From the first line to the last, copy the data exactly and drop the pictures.

====== Information supplied ======

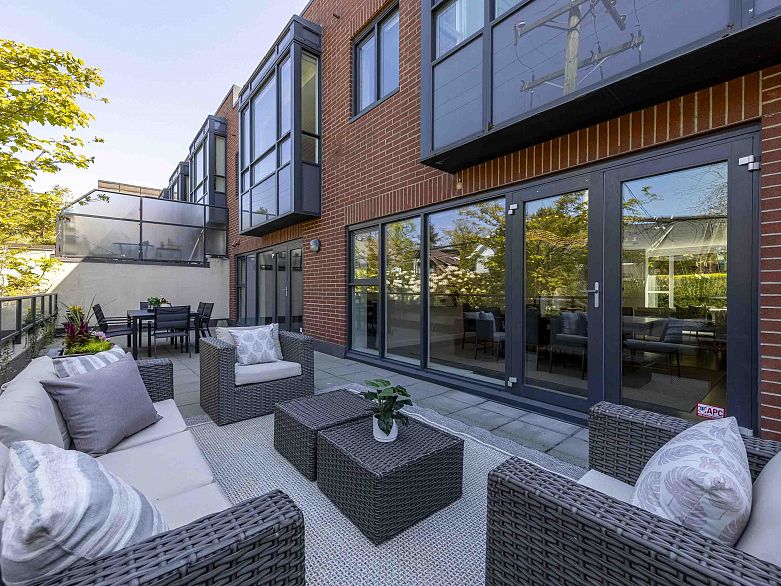 215 1961 Collingwood Street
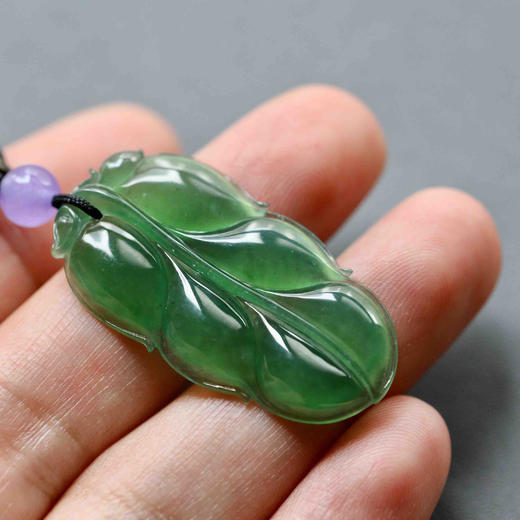 冰种湖水绿翡翠叶子 商品图6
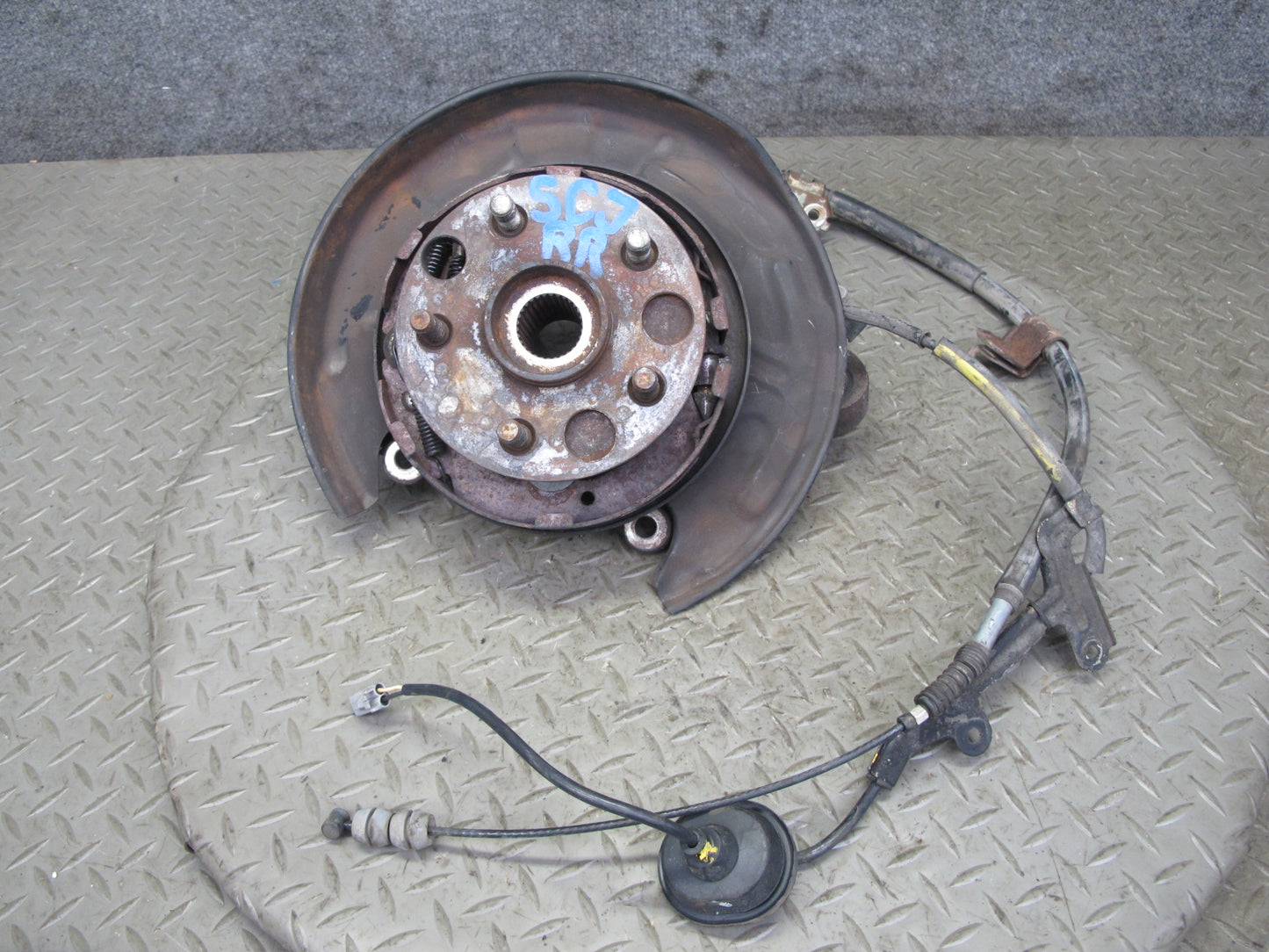 92-00 Lexus JZZ31L SC400 SC300 RWD Rear Right Spindle Knuckle Wheel Hub OEM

======

**Reply**.
 215 1961 Collingwood Street
 冰种湖水绿翡翠叶子 商品图6
 92-00 Lexus JZZ31L SC400 SC300 RWD Rear Right Spindle Knuckle Wheel Hub OEM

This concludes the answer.